Increased sales of Micron's GDDR6/GDDR6X memory can indicate several things. First, demand for graphics DRAM from console and graphics card makers is growing since the availability of console SoCs and graphics processors is increasing. Keep in mind that in Q2, manufacturers of game consoles are only beginning to gear up for Q3 production ramps in late Q3. So the influence of game consoles on sales of GDDR6 memory should not be too high, meaning that demand is mainly coming from makers of graphics boards and gaming notebooks.
Second, graphics card sales are increasing due to better availability of GPUs. Based on data from Jon Peddie Research, shipments of discrete graphics cards for desktops totaled 13.4 million units in Q1 2022, up from 11.77 million in Q1 2021. This clearly shows that companies like Asus, Gigabyte, and MSI can produce more boards than a year ago.
Third, increased production of GDDR6 and GDDR6X memory by Micron comes just in time as AMD is gearing up to introduce its Radeon RX 7000-series graphics cards based on the RDNA 3 architecture. In addition, Nvidia is preparing to launch its GeForce RTX 40-series boards powered by its Ada Lovelace architecture. With a better supply of graphics memory, we can at least hope that GDDR6/GDDR6X will not be a reason for the possible scarce availability of next-generation graphics cards.
However, increased availability of graphics DRAM is not the only good news that Micron shared.
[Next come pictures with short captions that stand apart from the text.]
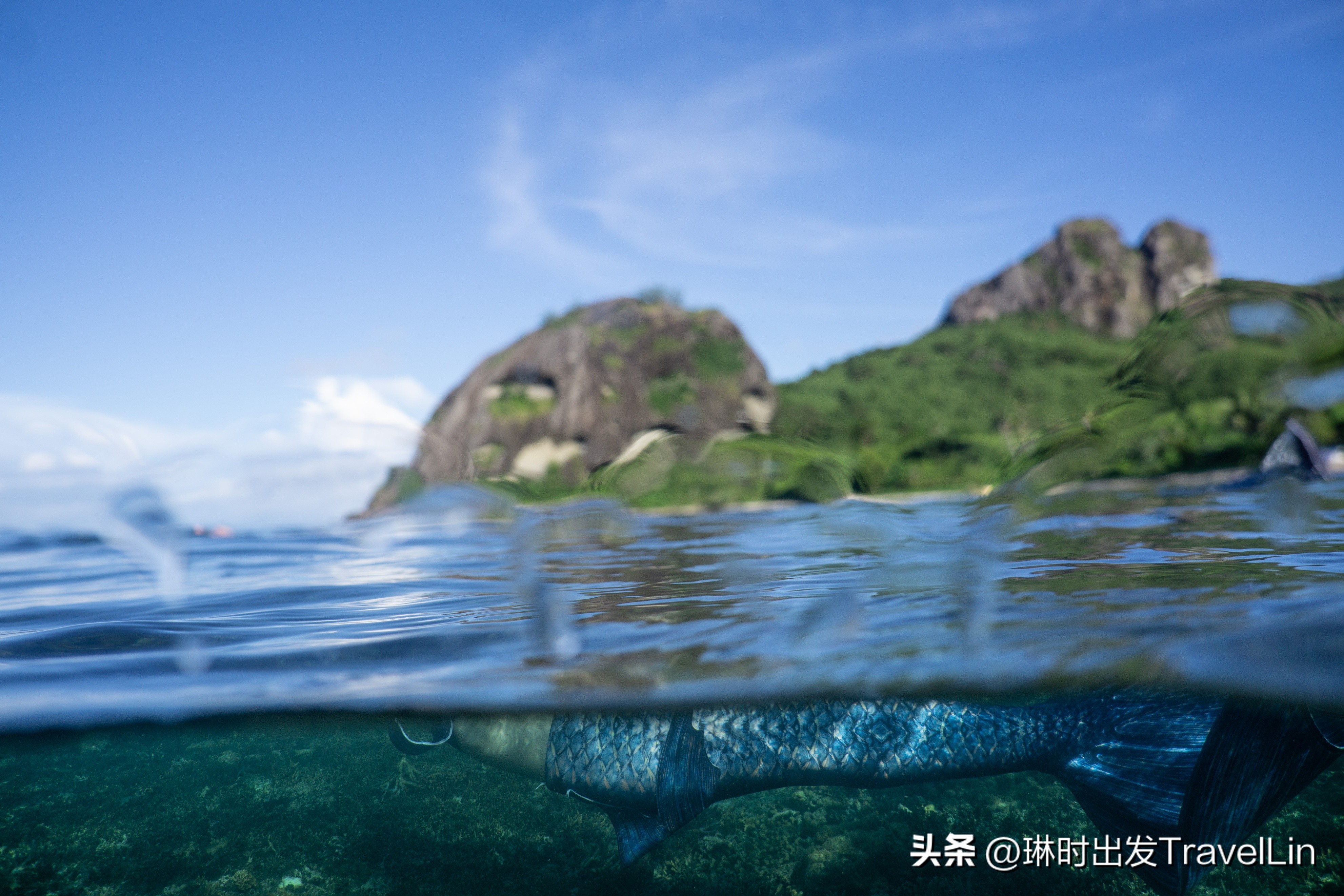 超刺激的海钓视频,超刺激的鲨鱼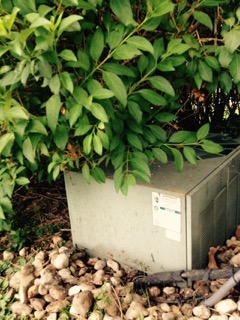 A before and after photo of some landscaping we did before we replaced this home's outdoor condenser. 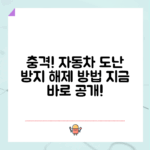 충격적인 자동차 도난방지 해제 방법 공개!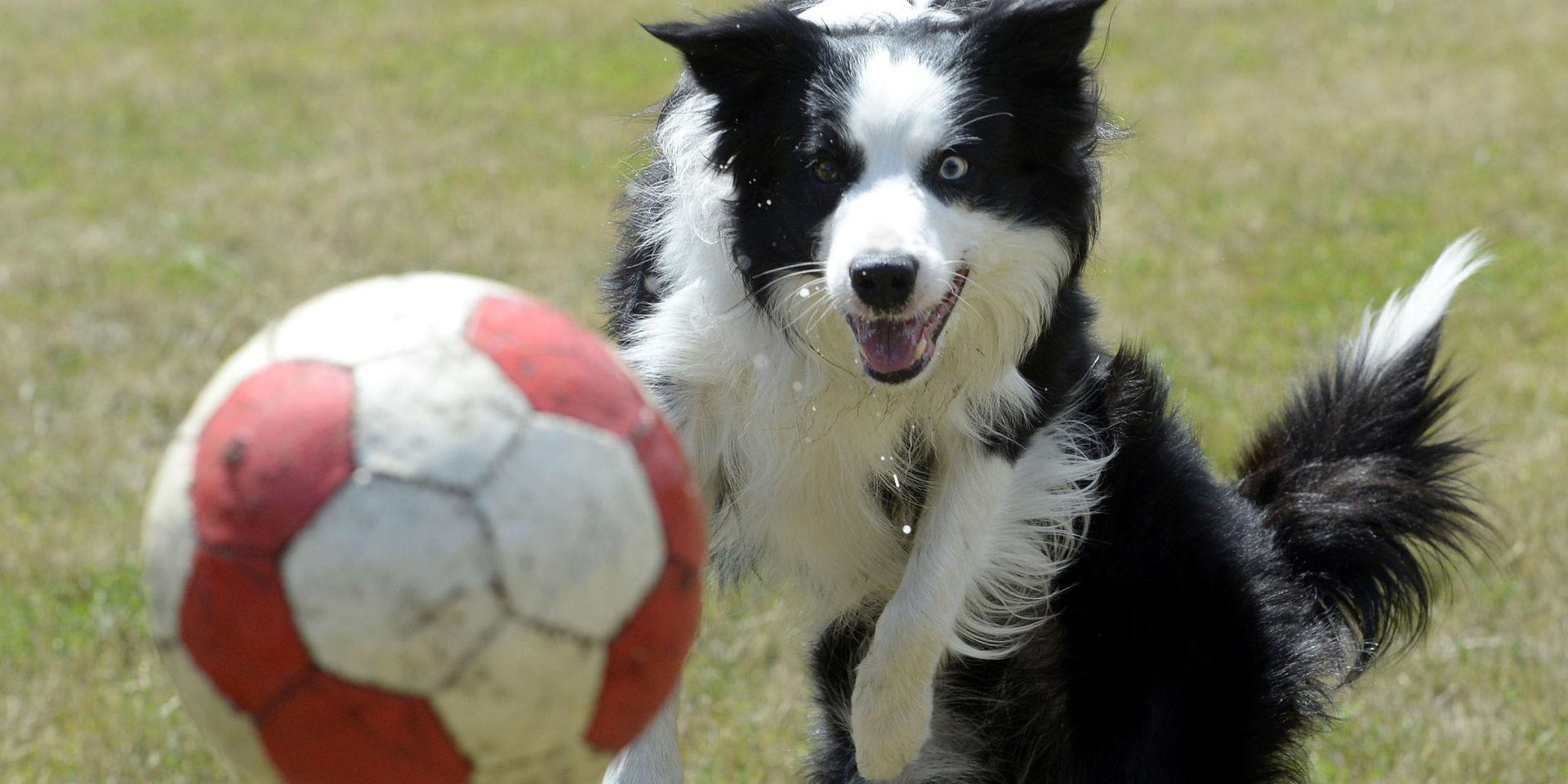 Hundarna kan bita sönder bollen, eller träffas av bollen när vuxna väljer att promenera över skolans fotbollsplan mitt i en match.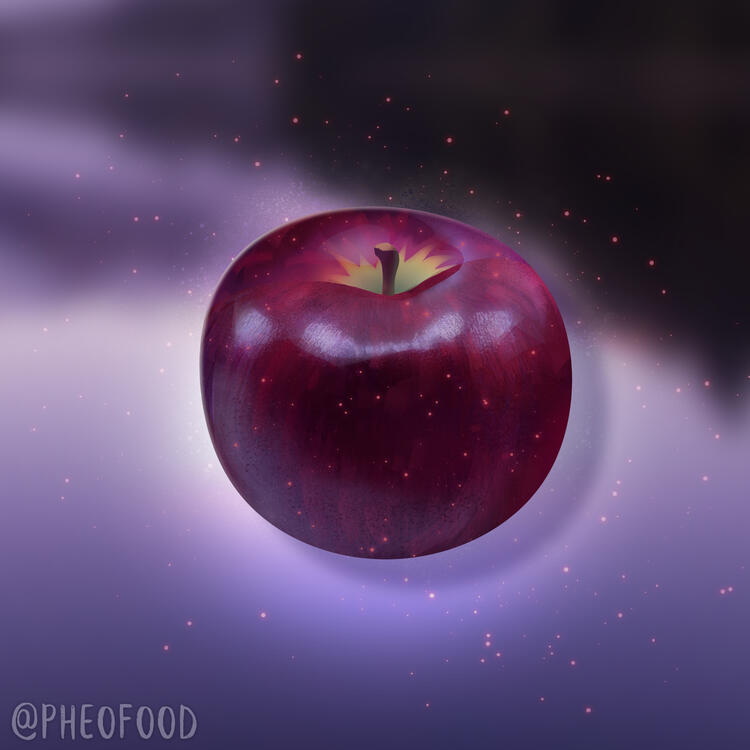 Arkansas Black Apple Arkansas Black Apple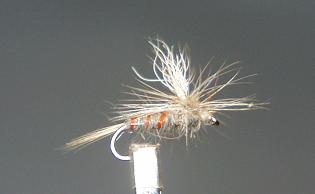 Mosca Seca S53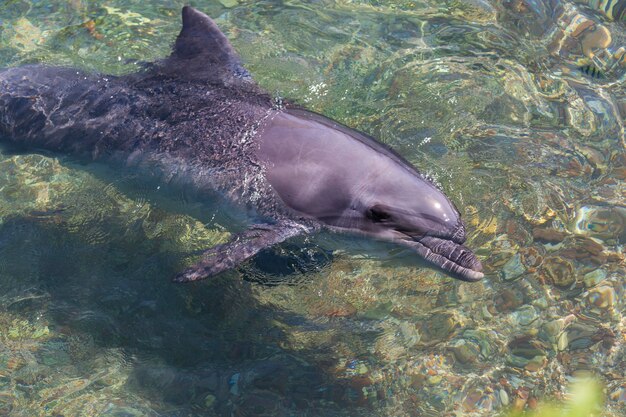 Dauphin nageant et souriant en mer Rouge Israël Dolphin Reef où les grands dauphins dans le golfe d'Eilat près de la ville d'Eilat vue de dessus haut Dauphin commun nageant Dauphin sous l'eau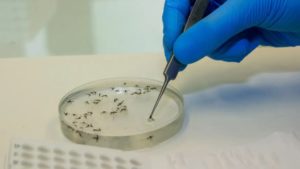 Surto de oropouche faz Ceará ultrapassar total de casos de 2024
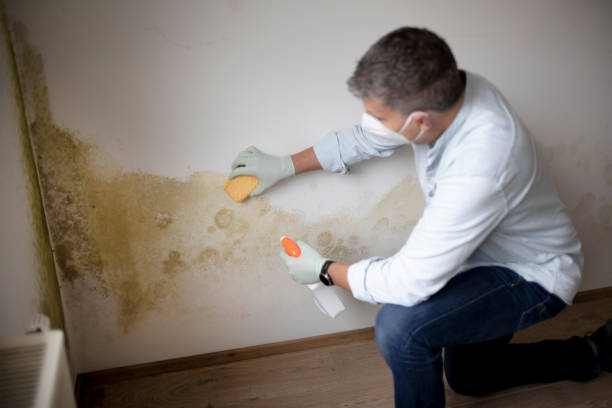 Best Crawl Space Mold Remediation  in Eastpointe, MI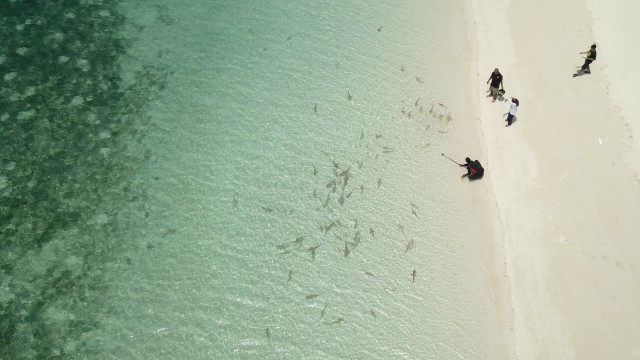 Pulau Tinabo (Foto: Cornelius Bintang/kumparan)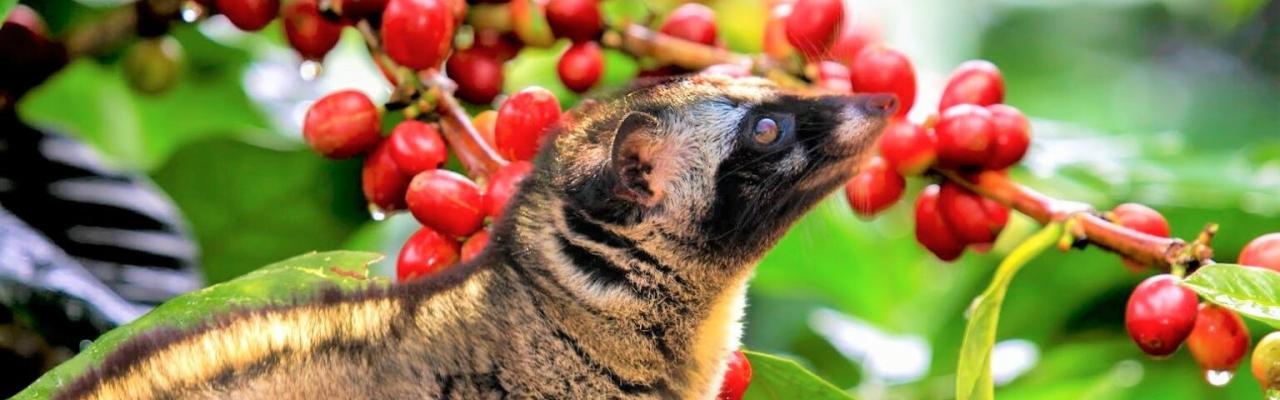 Sai Gon – Dong Xoai – Dak Mil – Ban Me Thuot – Lak Lake – Nha Trang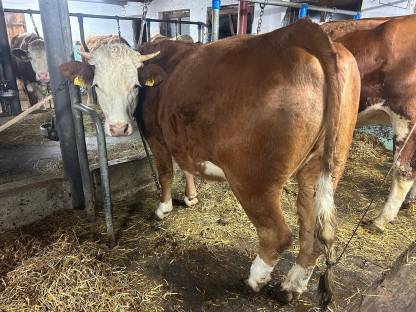 Verkaufe BIO Fleckviehkalbin mit Horn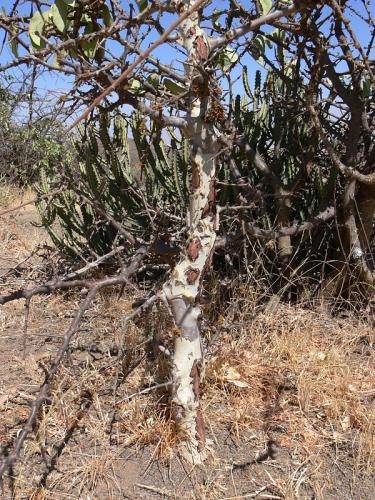 Commiphora-sp-Marsabit-Gof-Choba-GPS170-Kenya-2012 PV0608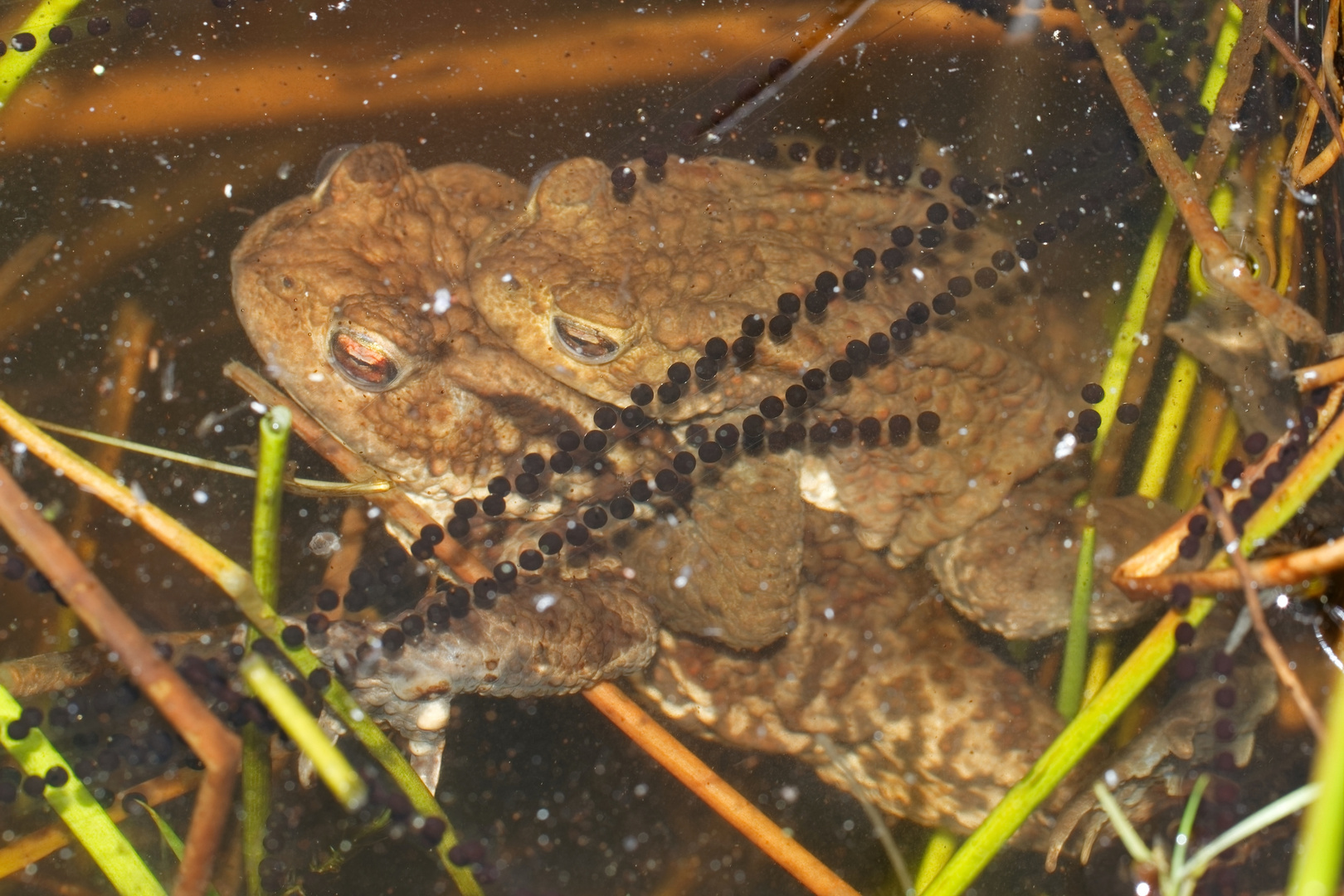 Bufo bufo - die Erdkröte in voller Aktion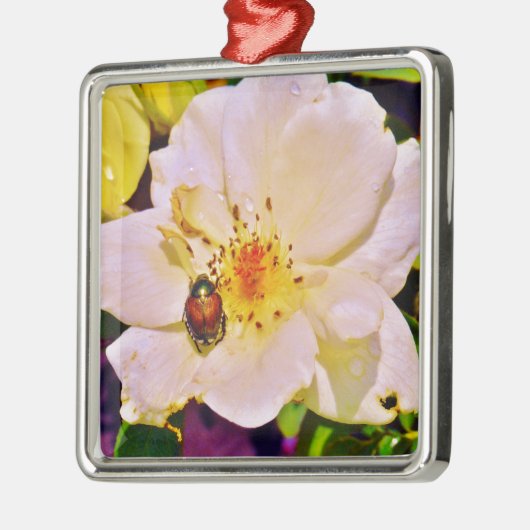 Japanse keet op witte roze metalen ornament (Links)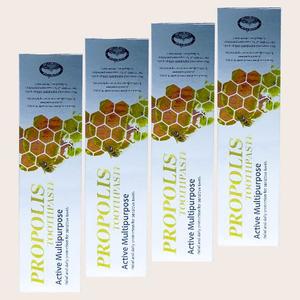 호주 프로폴리스 치약 네이쳐스탑 110g 4개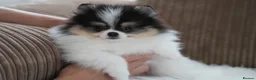 Pomeranian dogs for sale: Cute puppies  - Advert 11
The manufacturer also indicated that supplies of power management ICs (PMICs) and voltage regulating modules (VRMs) for DDR5 memory sticks were improving.
"Increased availability of non-memory bill of materials will also improve our ability to ship DDR5-based modules," said Mehrotra.
Last year Micron said that the short supply of PMICs and VRMs for DDR5 memory modules was one of the major reasons for slow shipments of the new generation DRAMs and high prices of actual DIMMs. Indeed, prices of DDR5 memory modules are dropping, just ahead of AMD's launch of its Ryzen 7000-series 'Raphael' processors.